Callistemon21 Mon 24-Apr-23 15:12:29

I've just given away a big bag of yarn, it's stopped me worrying about what to do with it!
There's still more than enough to keep me going.

Yes, I should take the needles to the craft group.

Greenfinch Mon 24-Apr-23 15:03:02

Callistemon I understand your sentiments entirely. My collection has come from diverse sources: I knit for charity and occasionally ask for wool on Freecycle and it invariably comes with needles where someone has been decluttering(🤣)a relative’s home.

Callistemon21 Mon 24-Apr-23 14:27:56

Greenfinch

I have just finished sorting my duplicate knitting needles to give away.
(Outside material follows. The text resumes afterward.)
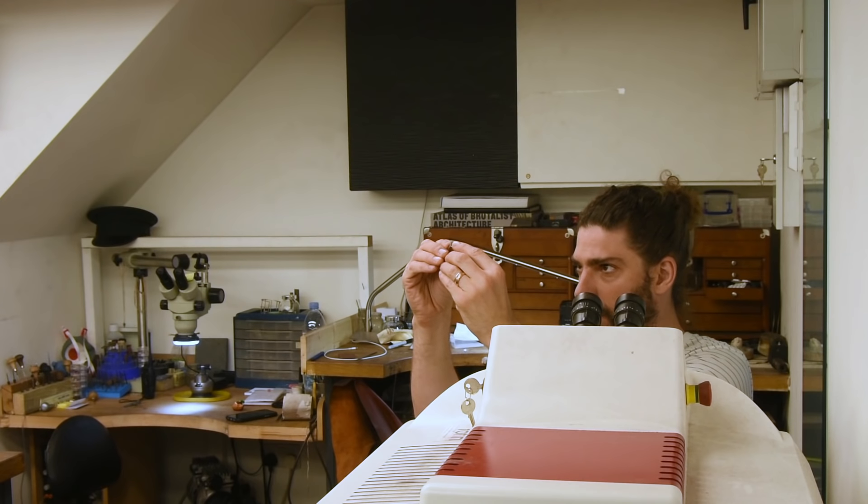For this ring we did it in my signature style — nice and simple. My signature V bezel, done in a wed fit style. And as the stone was a 4-carat brilliant cut, it's quite large, so we did a slightly wider band, nearly 3mm.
It was not as easy as I thought as I have a mixture of metric and old sizes and so had to look up a conversion table. Not much of an effort at decluttering really!

As well as various sizes of the wooden ones I like, I also have my Mum's, my MIL's and GMIL's knitting needles - metal, wooden, sizes varying from about 14 to what look like poles!
I've given away a few pairs that I had bought but for some reason can't give away the inherited ones.